• **Aim of the task**:
All lines from the one that has "Thank you for" onward to the end of the records below are to be returned exactly; pictures are to be skipped.
□ □ □
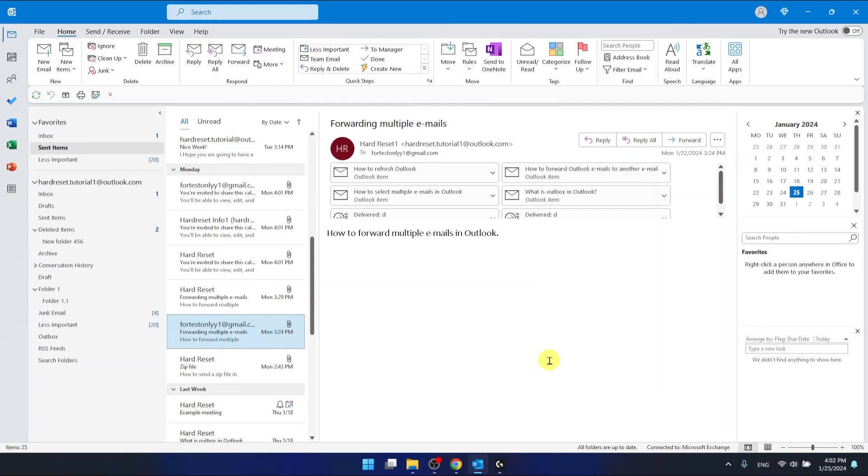Hello, in this video I'm going to show you how to print all attachments at once in Outlook.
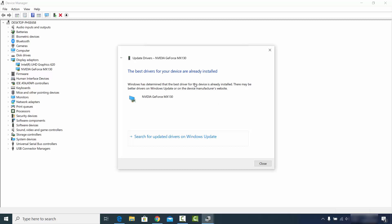According to that message, I already have the latest version of the Nvidia GeForce MX 30 driver. However, in some cases Windows is not able to recognize the latest driver for your graphics card, so I'm going to show you the second way of updating your graphics card driver.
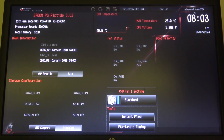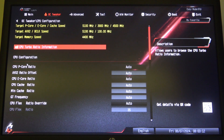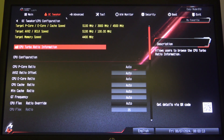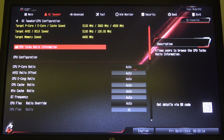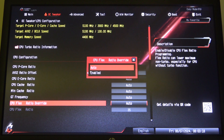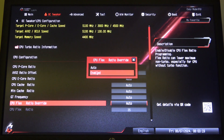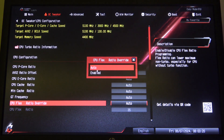To do this, first you will need to enter advanced mode inside your BIOS, navigate to CPU configuration in the OC tweaker. Right here you can find the CPU flex ratio override and switch between enabled or auto.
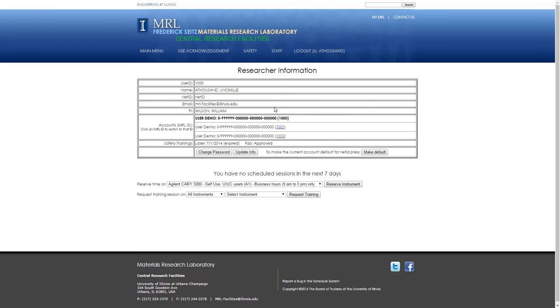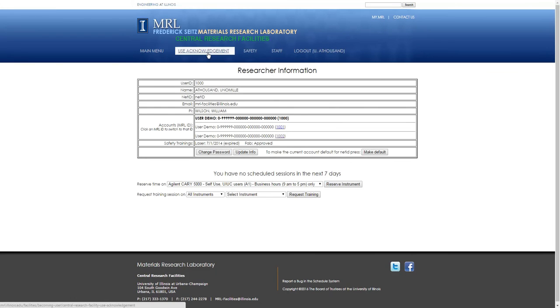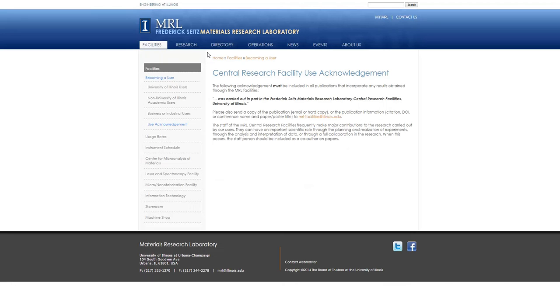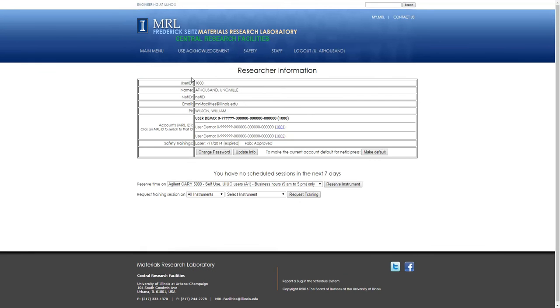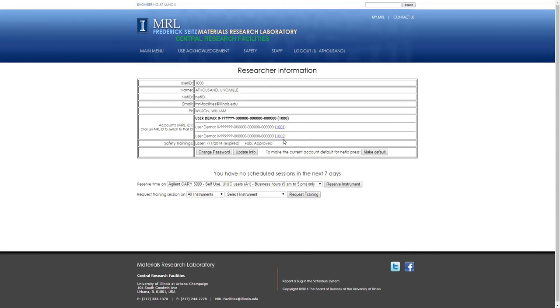This will take you to a page where, again, there's a list of links at the top. The Use Acknowledgement is what you copy and paste into your papers to say that you've done your research here. The information about you is contained in this top part, which will have things like your different user numbers associated with different projects, for example, if you're doing a summer project for a collaborator.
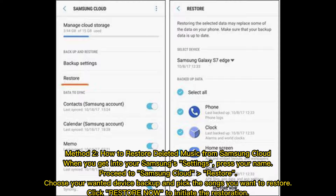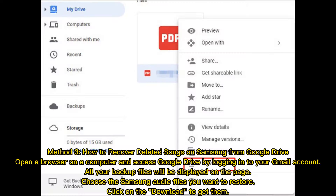Method two: how to restore deleted music from Samsung Cloud. When you get into your Samsung settings, press your name, proceed to Samsung Cloud, choose your wanted device backup, and pick the songs you want to restore. Click 'Restore Now' to initiate the restoration.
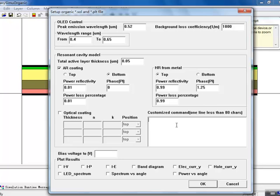Custom commands can be added in the GUI for more advanced settings. To give an example of this, here we override the electron affinity of the TPD macro to adjust the position of the LUMO band in that layer.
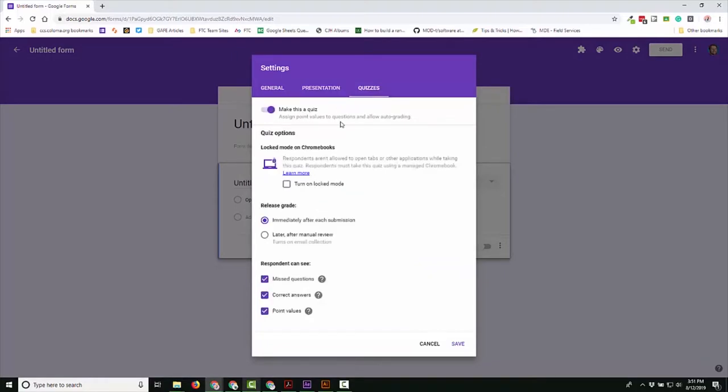Now I know there's another way to do it, but just in case you need a refresher on that, I wanted to show that off as well. You guys will now see this Locked Mode on Chromebooks option.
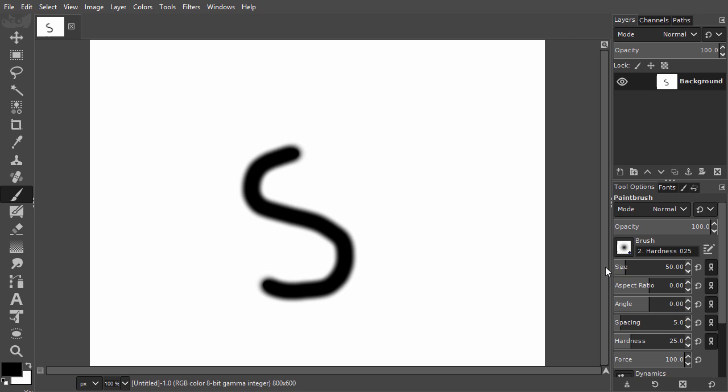In GIMP 2.10, we now have a Hardness slider for the brush. I will drag the Hardness slider to the right.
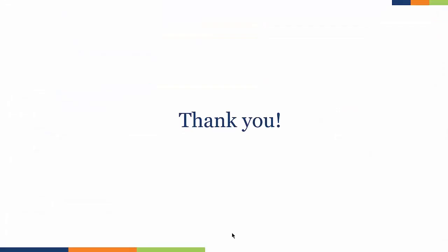Thank you for your time today. I hope you enjoyed the brief overview of Dynamics Field Service. Thank you.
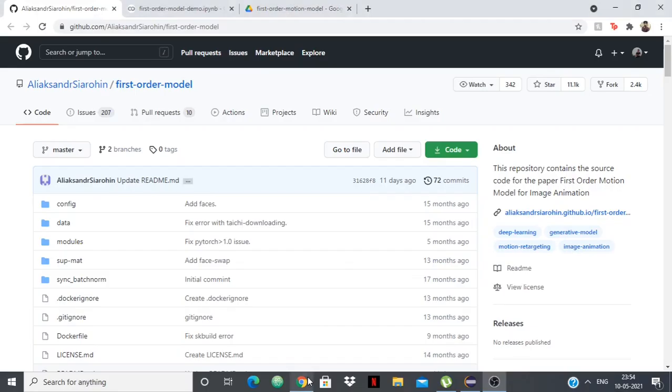Hello everyone, in this video I'm going to show you how to create a deepfake of anyone using a machine learning model in Python.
□ □ □
• **Solution for this problem**:
Thank you for your time today. I hope you enjoyed the brief overview of Dynamics Field Service. Thank you.
Hello everyone, in this video I'm going to show you how to create a deepfake of anyone using a machine learning model in Python.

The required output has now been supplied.